È Reggio Emilia la città d’Italia con la miglior vivibilità ambientale urbana. Seguono Trento al secondo posto e Parma al terzo. Lo attesta il rapporto annuale di Legambiente “Ecosistema Urbano 2024”, realizzato con Ambiente Italia e Sole 24 Ore.
La ricerca analizza le performance ambientali di 106 capoluoghi di provincia su sei aree: aria, acque, rifiuti, mobilità, ambiente urbano, energia. In Italia le città con la miglior vivibilità ambientale si concentrano al Nord, mentre Sud e Centro della Penisola faticano a tenere il passo.
Nelle prime dieci posizioni dominano le città del Nord Italia: dopo Reggio Emilia, Trento e Parma, seguono Pordenone (4 in classifica), Forlì (5), Treviso (6), Mantova (7), Bologna (8), Bolzano (9), Cremona (10).
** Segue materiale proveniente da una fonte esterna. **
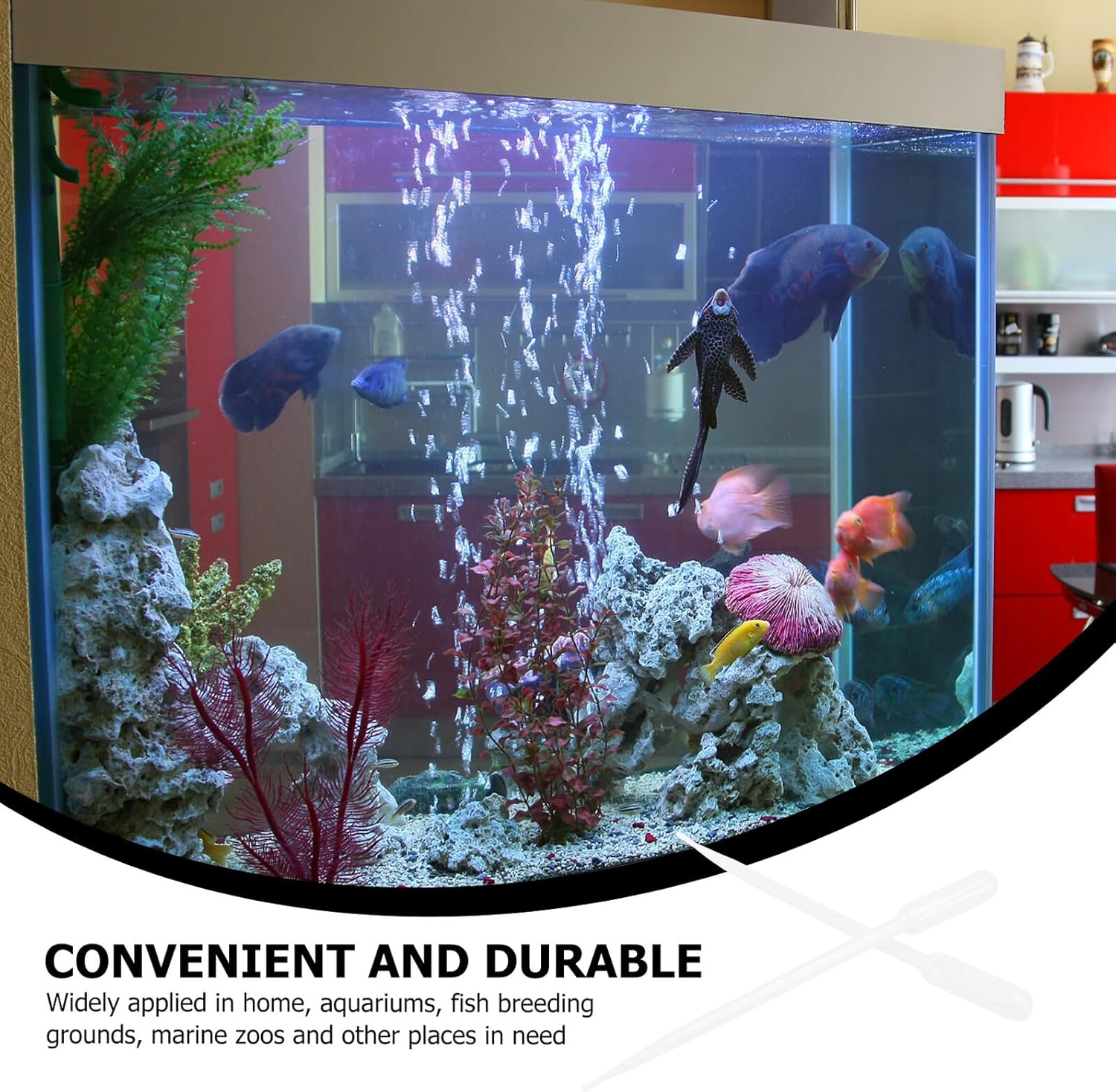 JOINPAYA 10Pcs Coral Fish Feeding Tubes Plastic Brine Shrimp Feeders with Scale for Pets Medicine Food Fertilizer Accurate Dispensing Tool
L’Emilia Romagna è la regione con più capoluoghi green nella top ten. Milano si piazza al 56esimo posto in classifica, ma eccelle nel trasporto pubblico. Napoli arriva quasi in fondo alla graduatoria, è 103 esima (ma lo scorso anno era 98esima). Roma sale in graduatoria al 65esimo posto (nel 2023 era 89esima). Il Centro se la cava, con Macerata (23esima), Siena (26) e Livorno (29) tra i capoluoghi che si piazzano meglio in classifica. Male il Meridione, con otto capoluoghi tra le ultime 10 della graduatoria: Caserta (98esima), Catanzaro (99), Vibo Valentia (101), Palermo (102), Napoli (103), Crotone (104), Reggio Calabria (105), Catania (106), che lo scorso anno era penultima. Da segnalare Cosenza (13esima): pur peggiorando leggermente, è l’unica città del Sud nelle prime 15 posizioni, seguita al 24esimo posto da Cagliari. Tra le poche note positive per il Mezzogiorno, il primato della qualità dell’aria va a L’Aquila (prima per minore incidenza di Pm10) che vanta in materia una situazione “ottima”. Giudicata “buona” anche l’aria di Ragusa.
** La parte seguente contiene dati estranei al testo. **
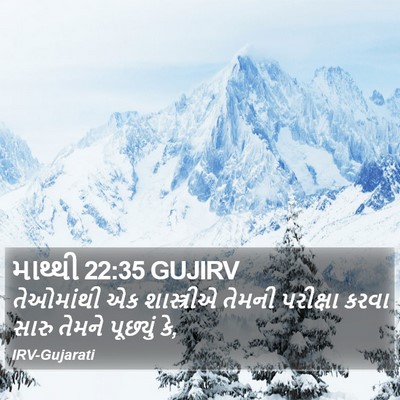 માથ્થી 22:35 GUJIRV Bible Verse Image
Per quanto riguarda i “risultati” delle città molisane, né Campobasso né Isernia brillano. Il capoluogo regionale si colloca infatti al 90esimo posto, quello pentro all’81esimo.
La fotografia scattata da Ecosistema Urbano 2024 mette in evidenza come in Italia le performance ambientali delle città viaggino a velocità e con tempi di applicazione troppo diversi e su cui occorre accelerare il passo. A pesare sono i ritardi nel contrasto alla crisi climatica, i problemi cronici irrisolti, come smog, inquinamento, consumo di suolo, i ritardi su rigenerazione urbana, efficienza energetica, mobilità sostenibile, e poi gli impatti dell’overtourism. «Temi – osserva Legambiente – su cui servono interventi più incisivi».
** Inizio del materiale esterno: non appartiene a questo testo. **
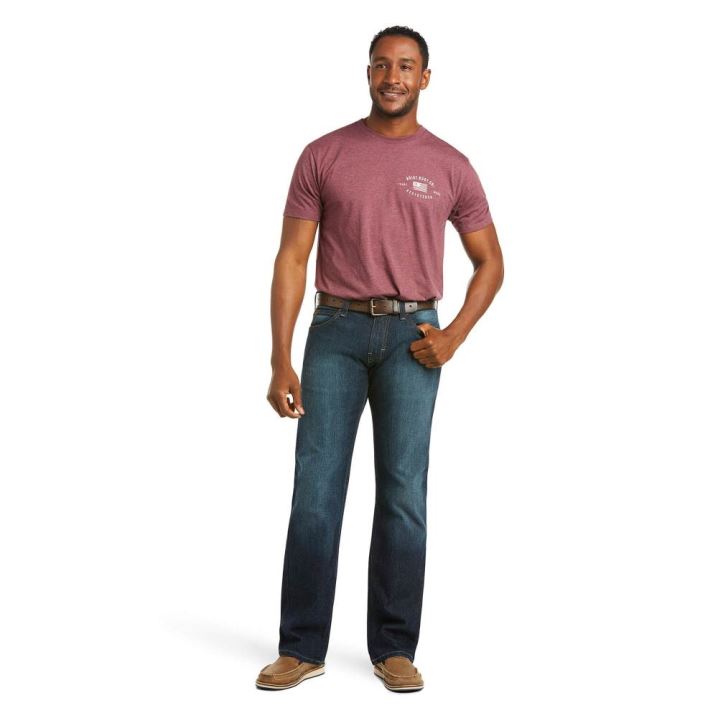 Ariat M7 Rocker Stretch Legacy Stackable Straight Leg Jean Fremont | IUOTzUrS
Sempre dallo stesso rapporto emerge la conferma di un dato allarmante più volte divulgato in questi mesi di crisi idrica e divenuto tema del dibattito politico e istituzionale. Vale a dire: su dieci litri di acqua immessi nella rete idrica di Campobasso se ne disperdono più di sei.
La media dei capoluoghi regionali si attesta al 37,8%. Secondo Legambiente «si tende a considerare fisiologica una dispersione idrica inferiore al 10-15% dell’acqua immessa in rete».
«Purtroppo – è spiegato nel report – le perdite nella rete di distribuzione possono arrivare mediamente fino al 60% dell’acqua distribuita. Basti pensare che un foro di 3 millimetri di larghezza in una condotta può portare a una perdita fino a 340 litri d’acqua al giorno, ovvero al consumo medio di una famiglia. Situazione assai frequente, dal momento che le reti idriche italiane sono generalmente vecchie e scarsamente manutenute: il 60% delle infrastrutture è stato messo in posa oltre 30 anni fa con una percentuale che sale al 70% nei grandi centri urbani, e il 25% di queste ha più di mezzo secolo di vita».